COPYRIGHT MATERIAL OMITTED

COPYRIGHT MATERIAL OMITTED

ARGUED: E. Edward Hood, Dykema Gossett, Ann Arbor, Michigan, for Appellant. Sheldon H. Klein, Butzel Long, Detroit, Michigan, for Appellee. ON BRIEF: E. Edward Hood, Bradley L. Smith, Dykema Gossett, Ann Arbor, Michigan, for Appellant. Sheldon H. Klein, Philip J. Kessler, Robin K. Luce, Butzel Long, Detroit, Michigan, for Appellee.

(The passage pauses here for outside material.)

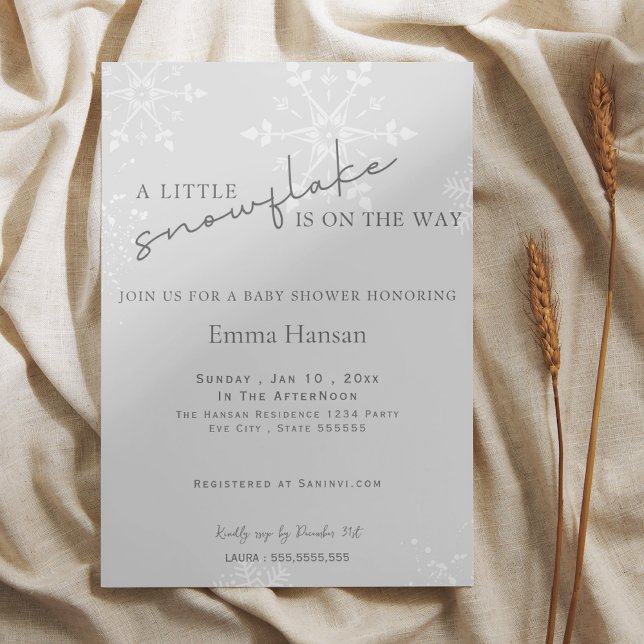 A little Snowflake is on the way Baby shower grey  Invitation (Creator Uploaded)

Before: MARTIN, MOORE, and ROGERS, Circuit Judges.

OPINION

KAREN NELSON MOORE, Circuit Judge.

Defendant-Appellant Jay Industries, Inc. ("Jay") appeals from the district court's judgment against it following a jury trial and the district court's denial of its post-trial motions. Plaintiff-Appellee Johnson Controls, Inc. ("JCI") cross-appeals from the district court's denial of its post-trial motions. The dispute in this case arose over the price of packaging for parts that Jay supplied to JCI for use in constructing automobile seats; JCI claims that the parties had an agreement according to which Jay would purchase returnable packaging and then amortize the cost of the packaging over the course of several months. Jay never stopped charging JCI for the packaging, even after the packaging costs should have been paid in full. When JCI discovered the overcharges several years later, it brought this suit against Jay. The district court awarded damages to JCI for the overcharges accruing after the point at which it notified Jay of the problem. In its appeal, Jay argues that the district court should have granted its motion for judgment as a matter of law because of the untimely nature of JCI's claims and because of the lack of evidence of an amortization agreement, that the district court erred in instructing the jury and in presenting the verdict form, and that the district court improperly admitted parol evidence of the amortization agreement. In its cross-appeal, JCI contends that it was entitled to damages prior to the time that it notified Jay of the overcharges and that the district court erred in allowing the jury to determine that Jay was entitled to an ongoing "packaging charge." For the reasons discussed below, we AFFIRM the judgment of the district court on each of the claims presented on appeal.

I. BACKGROUND

Jay is a tier-two automotive supplier that manufactures components of automobile parts. JCI—a tier-one supplier—purchases components from Jay, incorporates them into automotive systems, and then sells the systems to automobile manufacturers. In June 1993, Jay and JCI entered into a long-term agreement regarding the Ford Villager/Nissan Quest and the Ford Econoline; JCI agreed to purchase parts from Jay "for the life of the program" at a reduced price. 3 J.A. at 867 (JCI-ASG Long-Term Agreement).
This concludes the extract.